I've made peace with Enzo, Clara, and Aston being out of the house by rejoicing in Dorothy's ability to take a complete nap in our quiet house. Today, however, Aston managed to disturb her nap from school. I had just put Dot in bed, made my way to the kitchen, put the stopper in the sink, when the phone rang. Wasn't it the school nurse telling me Aston was having a horrible morning and crying for his mommy. Talk about a broken heart! Aston must have felt REALLY bad. He never calls me mommy!
I took Dorothy out of bed, mad at myself for being annoyed with poor helpless Aston for making me do it, and went to rescue my little boy. Oh, the guilt that came over me. Why, why, WHY didn't I follow my instincts and send him to a nice half day preschool this year instead of kindergarten. I can count the number of times he's been with someone other than Ariel or me on my fingers and even then it was a grandparent, aunt, or uncle.
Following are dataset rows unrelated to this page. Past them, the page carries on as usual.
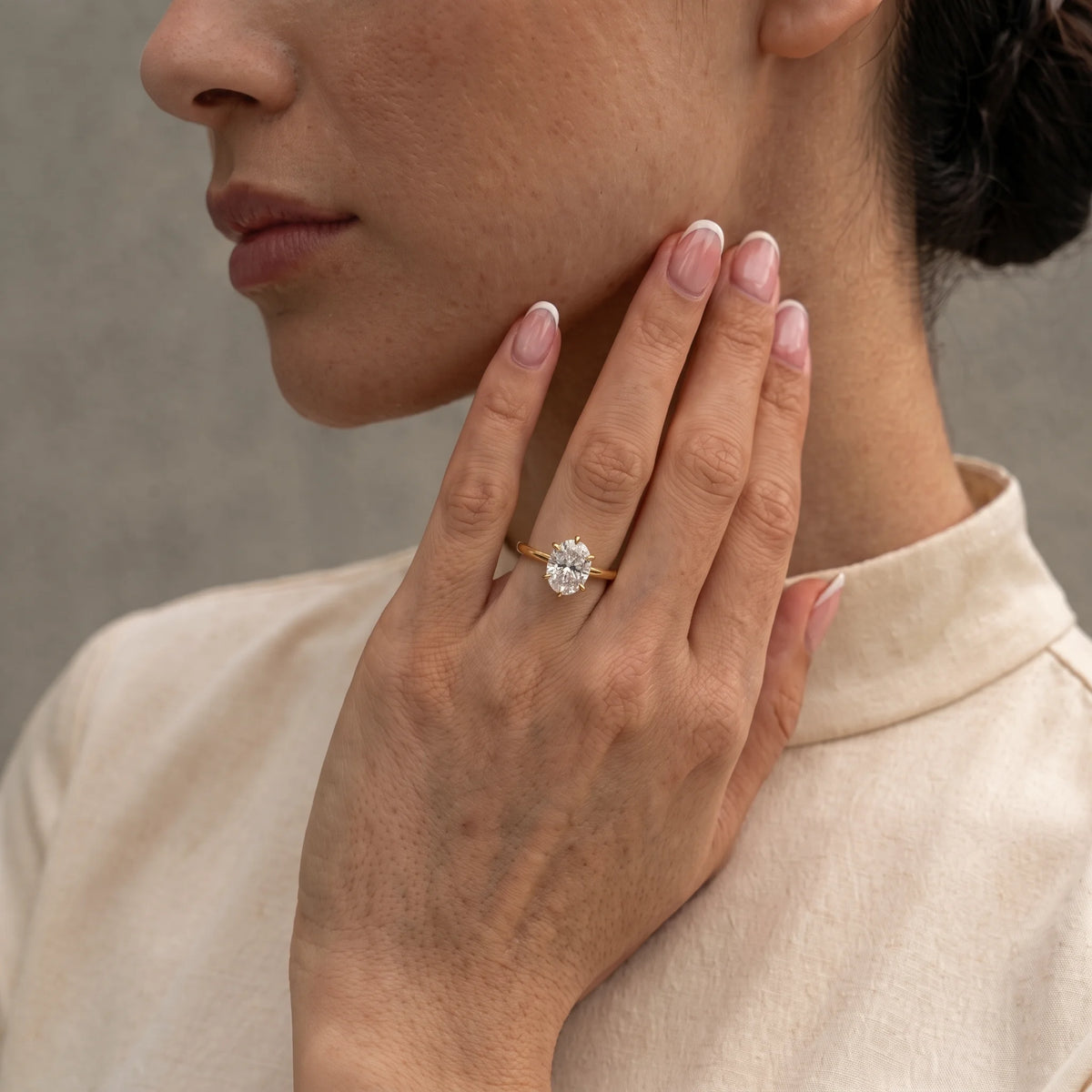 Woman wearing a 2ct oval moissanite engagement ring in 14K gold filled on her ring finger - Sensitive Stones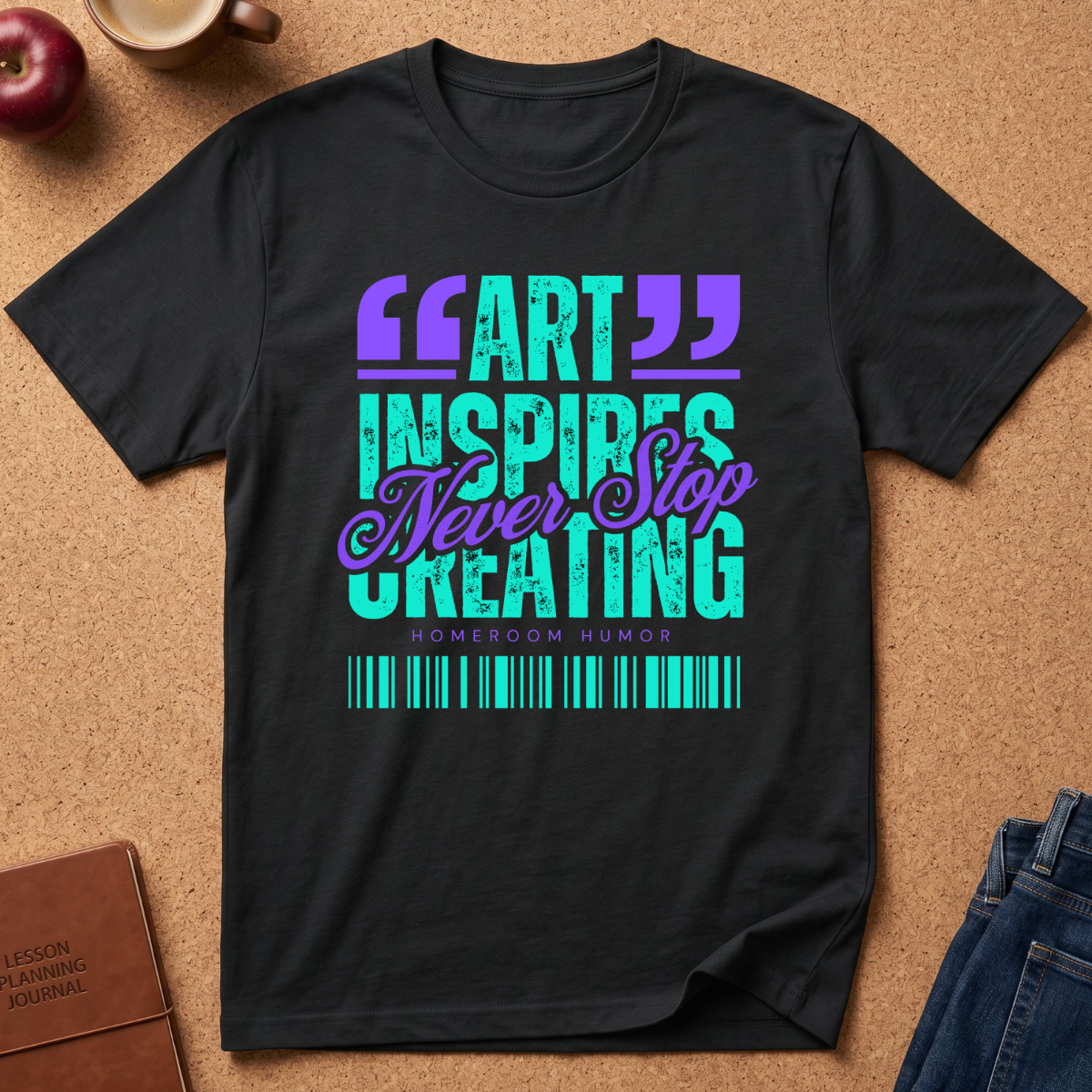 A black short-sleeve graphic T-shirt laid flat on a cork surface, featuring the phrase 'ART INSPIRES Never Stop CREATING' in purple and teal text, with 'HOMEROOM HUMOR' and a barcode graphic below. Surrounding props include an apple, a coffee cup, a brown journal, and blue jeans.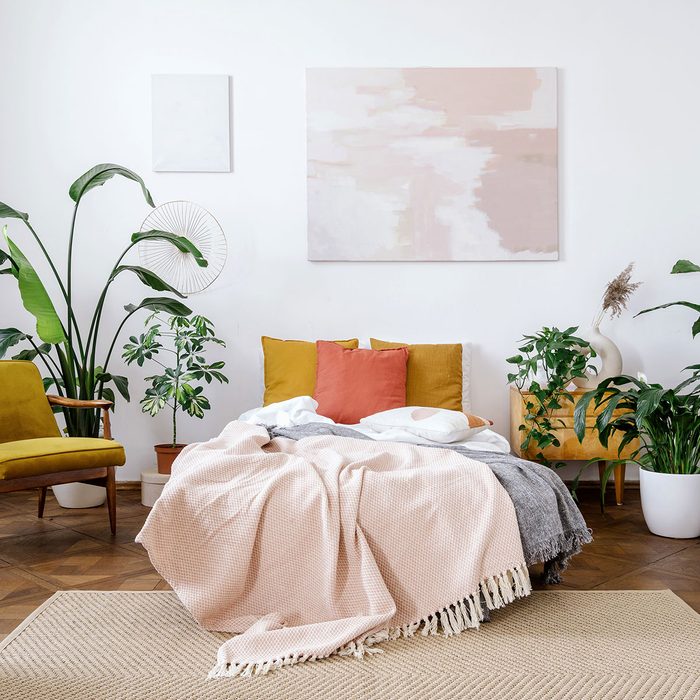 Light Bedroom In Apartment With Retro Interior Design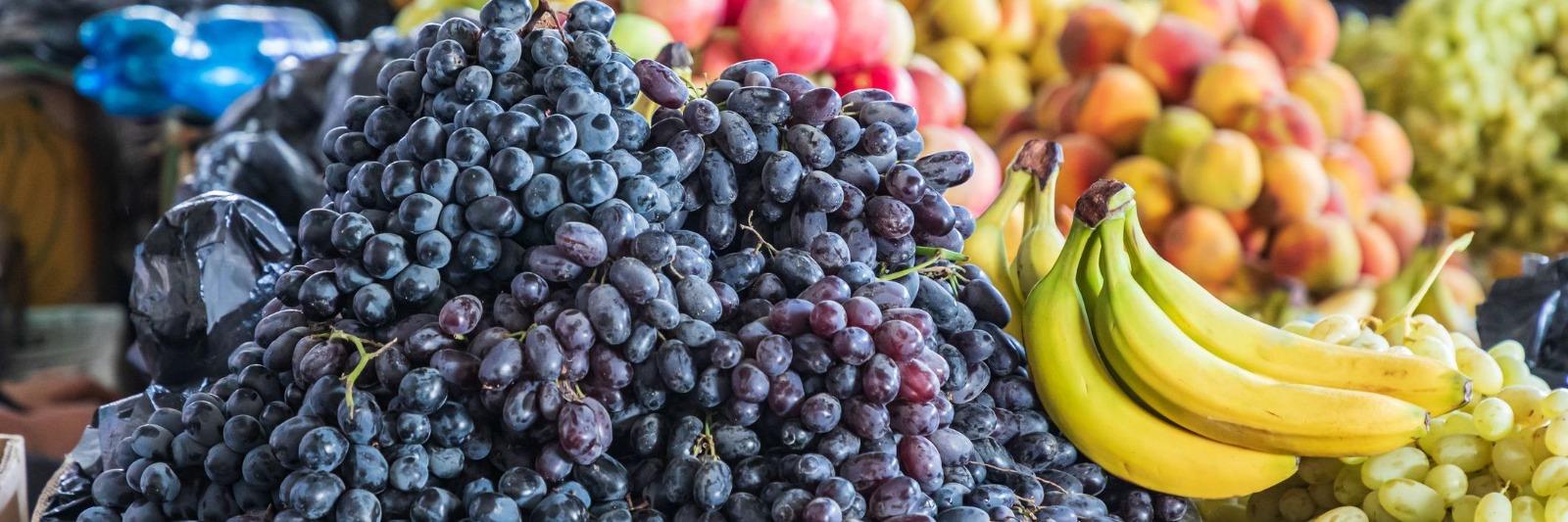 Closeup of various fruits including grapes and bananas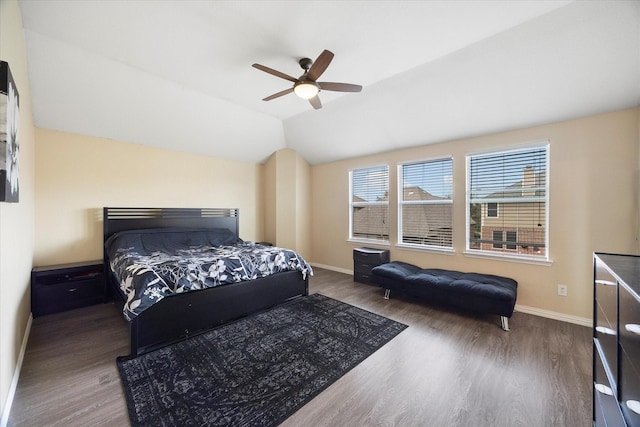 bedroom with baseboards, wood finished floors, and vaulted ceiling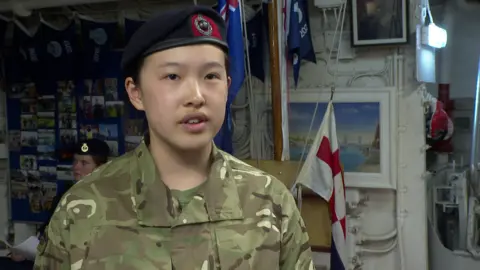 A teenage girl in a military uniforms stands in front of a flagpole.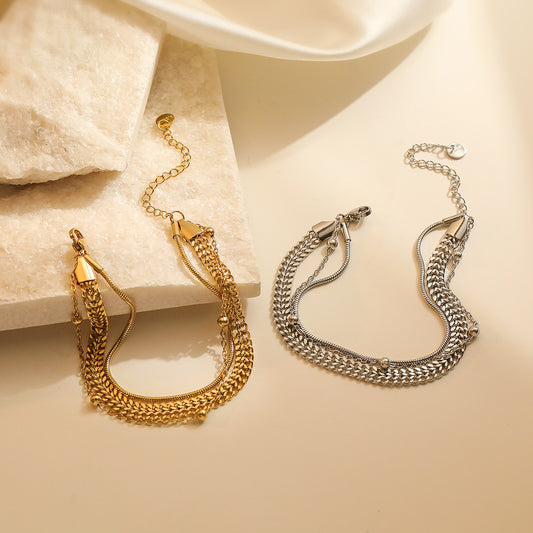 Bracciale Minimalista Geometrico in Acciaio al Titanio per Donna con Placcatura in Oro Design Irregolare di Ispirazione Vintage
Of course a full day of kindergarten is too much for him. I remembered his tiny voice telling me just the night before, "I hate school. It is such a big, big day and I miss you".
When I saw his itsy bitsy self sitting at a table in the nurse's office I felt as badly as I ever have. Then he looked up at me with a splotchy red face absolutely soaked in tears and I knew there is a special place in Hell for me because I have allowed my child, my child I am supposed to take care of, feel afraid and upset.
I tell you, I do not know what to do from here. I've been attacking this issue from a couple different angles. Firstly, I gave him a laxative. This may sound a bit bizarre but that kid gets all out of sorts if he is backed up. Secondly, I asked Aston about what was making him upset. As with every conversation with Aston, I ended up having to hide a chuckle or two. The school has a color coded behavior chart; green, you're good; yellow, you need to watch it; red...the seat in Hell next to mine might be for you. After asking me if playtime was fun when I was a kid Aston exhaled, "The real problem is that staying on green is exhausting!"
Aston says he wants to earn a prize from the treasure chest in his classroom so I'll try sending him back tomorrow but I'm not convinced he is ready for this... What doesn't kill him makes him stronger, right? I just don't know if I'm strong enough to sit back and let him get strong.